TANQUE DO BAÚ – Em 1874, pressionado pela população, o presidente da Província – Manoel Albino de Carvalho tomou a decisão de construir um açude próximo à igreja do Rosário, no final da Rua Corumbá, mais conhecido como Tanque do Bahú, para suprir as necessidades de água potável. Custou o valor de 3:200$000 reis advindos do Ministério da Agricultura. Era um reservatório de água potável e aprazível local de passeio. Teve arborização em seu entorno, com bancos de madeira à sombra. (P. 92).
CHAFARIZ DO JARDIM LUÍS DE ALBUQUERQUE – PORTO – Ali dois chafarizes amenizavam o calor cuiabano com seus borrifos confortantes d`água. Foi construído em 1928, no governo do Dr. Mário Corrêa da Costa. Foi local de muitas animações nas décadas de trinta, quarenta e cinqüenta, não apenas por acolher os observadores das partidas de lanchas, porém, pelas costumeiras noites de retretas nos domingos e feriados.
HIDRÁULICA DO PORTO – Instalada em Cuiabá em 1878. Conforme Lei n° 735, de 03 de março de 1887, foi promulgada em 19 de junho desse ano, regulamento para o funcionamento da Hidráulica. A usina, além da sala das bombas (uma horizontal e uma vertical) com capacidade de 75 m.c. e da sala das caldeiras tinha um local para a oficina de reparação, de um depósito e dependências para pessoal. Uma galeria de cerca de 30 metros liga o poço donde as bombas aspiram a água – ao rio. O combustível (lenhas) para a usina até o ano de 1924 era fornecido pelo Bel. Amarílio Calhao e depois pelo senhor Athanagildo Barreto, vindo as achas da chácara do Pary. A Hidráulica foi extinta em função da criação da EFLA – Empresa de Força, Luz e Água criada pela Lei n° 419 de 18 de setembro de 1951. p. 115). Sobre as adutoras o prefeito Chico Galindo construiu um camelódromo. Um espanto!
MACHINA A VAPOR – Machina Hydráulica adquirida em 1882 pelo valor de 595#320 reis para o abastecimento de água da Capital, conforme Lei 610 de 26 de maio de 1883, pelo presidente da província Thomaz Antônio de Miranda Rodrigues. O serviço hidráulico a vapor ficava instalado à margem esquerda do rio Cuiabá, a montante do Mercado Público do segundo distrito, hoje Museu do rio, no bairro do Porto. Um motor se encontra preservado no Memorial da Água Engº José Luiz de Borges Garcia, no bairro Quilombo, entre as duas estações de tratamento de água.

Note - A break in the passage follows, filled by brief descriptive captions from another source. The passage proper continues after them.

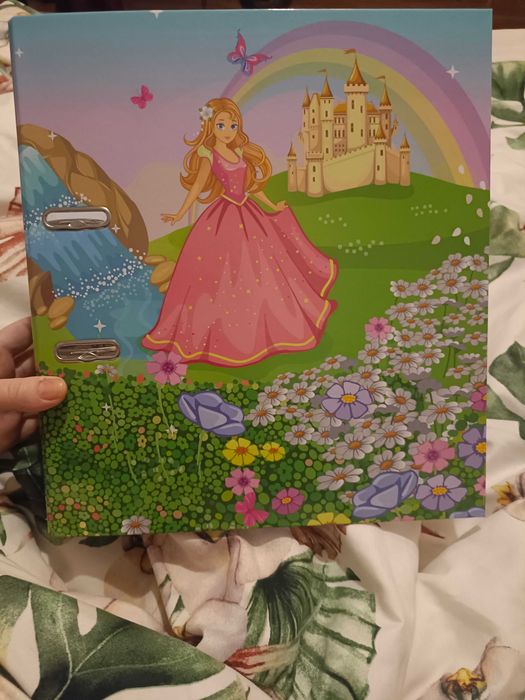 Segregator A4 księżniczki na karteczki dokumenty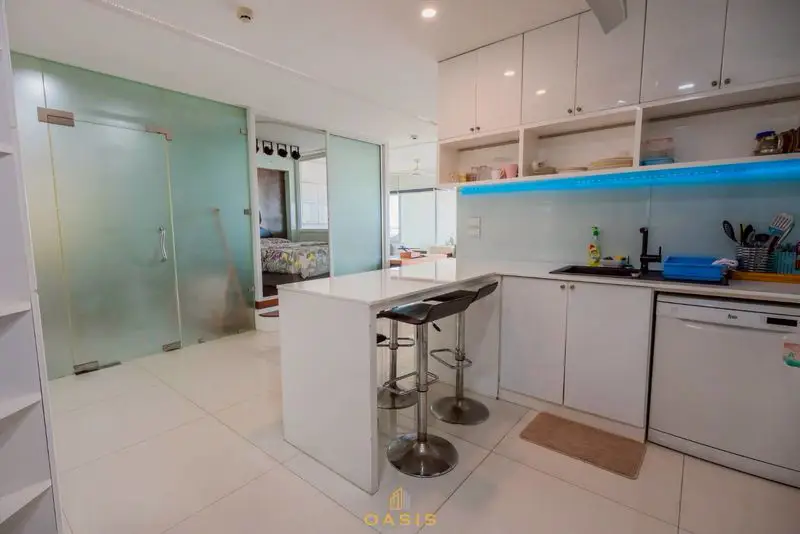 Sea view condo in Jomtien for sale  modern equipped apartment is located at View Talay 5c
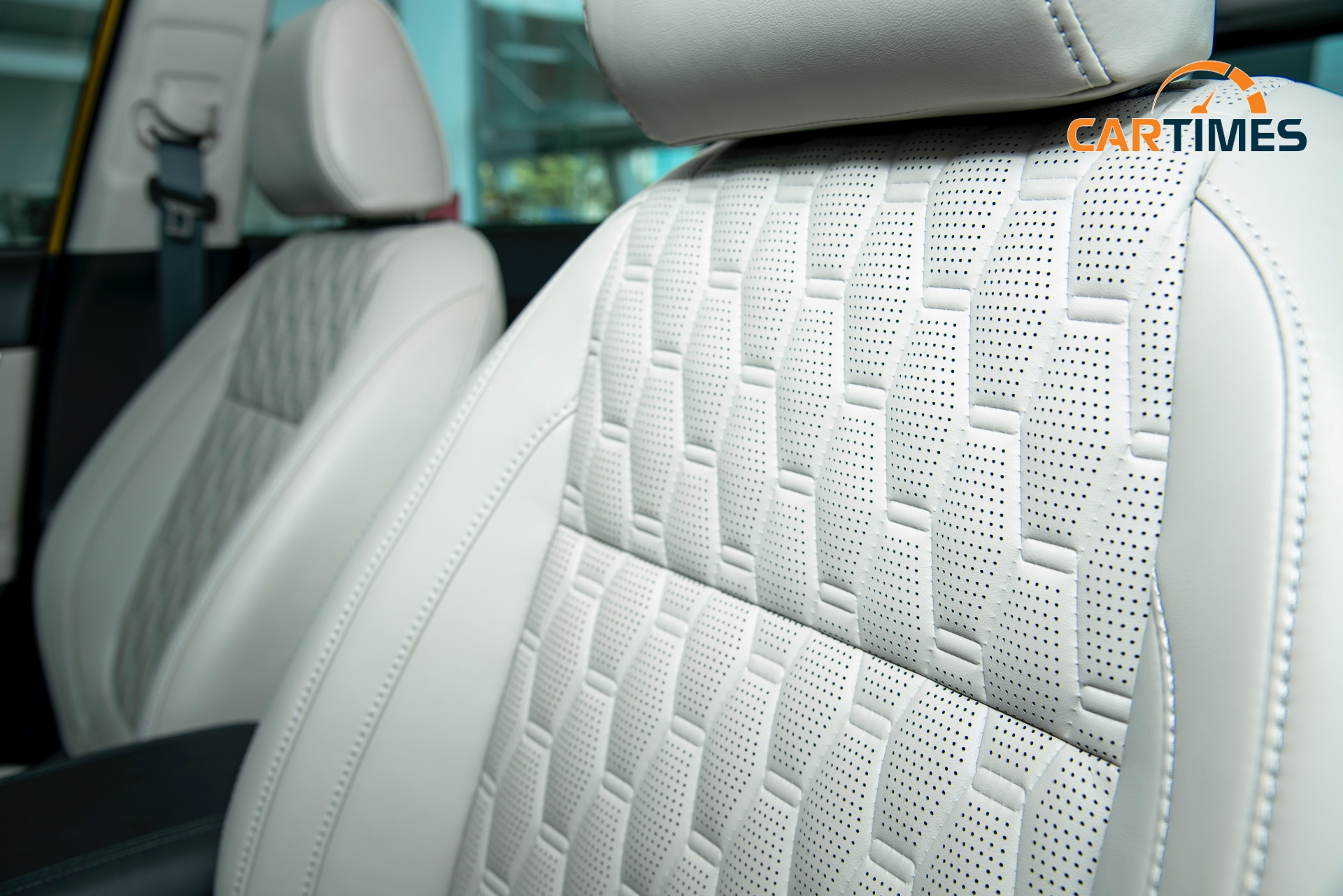 Kia Seltos trang bị ghế da đục lỗ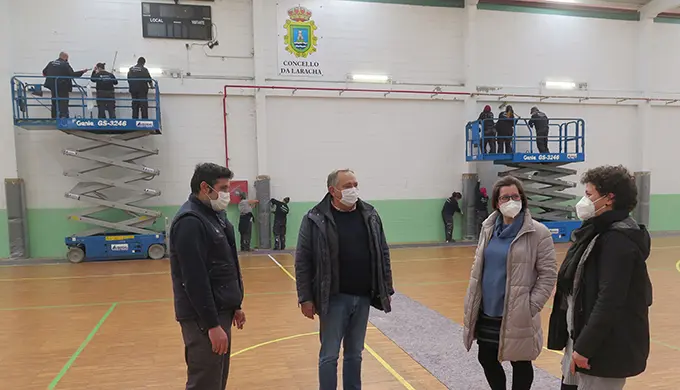 O alcalde e a concelleira de Emprego xunto a directora do obradoiro e o mestre da especialidade de pintura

CACIMBA DO SOLDADO – situado no Largo de Santa Rita, atual Praça Rachid Jaudy, antiga Cacimba do Soldado, onde Antônio Luis Patrício da Silva Manso idealizou fundar um Jardim Botânico, em 1823. O pequeno córrego descia do morrote do “Pai-Hu”, onde havia um minadouro, que deixava correr débil fio de água, que alimentava mais abaixo, na Travessa do Villas Boas (hoje Avenida Ponce), a Cacimba do Soldado. Foi urbanizado em 1909, pelos Intendentes Municipais Avelino de Siqueira e Amarílio de Almeida, com as obras de canalização do Córrego Cruz das Almas até a Prainha, realizada pelos irmãos italianos João e José Sardi, época em que foi construído o mercado municipal, local que se encontra até hoje, cercado com pilastras intercaladas com elegantes grades de ferro vindas da Inglaterra.
Além desses espaços, córregos, ribeirões, poços, rios também compõem o roteiro das águas e suas belezas turísticas. Rogamos que o Planejamento Urbano da cidade faça valer, por meio de Leis e Decretos, a preservação dessas nascentes e, se possível, o retorno em forma de monumentos, em forma de fonte pública ou chafariz.
*NEILA MARIA DE SOUZA BARRETO é jornalista, escritora, historiadora e Mestre em História. É membro da Academia Mato-Grossense de Letras (AML) e do Instituto Histórico e Geográfico de Mato Grosso (IHGMT).